Brittany Leighton Force (born July 8, 1986) is an NHRA drag racer and 2-time NHRA Drag Racing Series Top Fuel dragster champion. She is the daughter of drag racer John Force and the sister of fellow racers Courtney Force and Ashley Force Hood.

Career

Force became an NHRA drag racer in 2013, driving a Top Fuel dragster, the first John Force Racing driver to compete in that class. She is sponsored by Monster Energy. In 2016, she became the first woman to win the NHRA Four-Wide Nationals. On May 20, 2016, she set a new NHRA top fuel drag racing record with a run of 3.676 seconds over 1,000 feet at Heartland Park Topeka, Kansas.

 In 2017, Force became the second woman in history to win a Top Fuel Championship, after Shirley Muldowney in 1982, clinching the title in the quarterfinals of the final race of the season before going on to win the event.

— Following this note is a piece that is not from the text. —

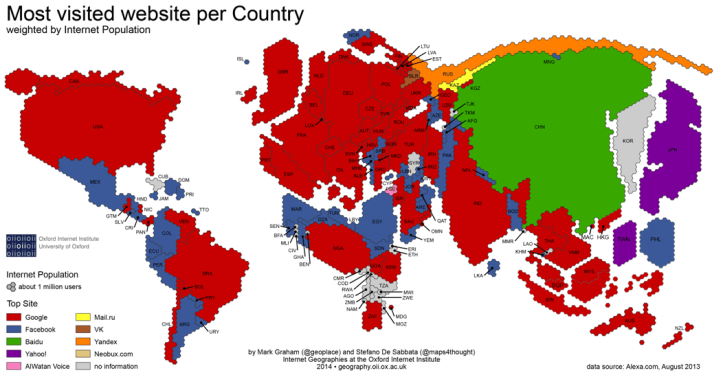 situs yang paling banyak dikunjungi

Force won 4 races for the year, the most in a single season in her career, including 3 in the Countdown to the Championship.

In 2019, Force became the first woman driver to be the Number 1 qualifier in Top Fuel at the U.S. Nationals.

On Oct 2, 2022 Force set the national record with fastest top fuel run in history at 338.17 mph at the NHRA Midwest Nationals.
Brittany won the 2022 NHRA TopFuel championship. Brittany has 16 career NHRA wins.

Personal life

Force attended California State University, Fullerton, where she received a degree in education.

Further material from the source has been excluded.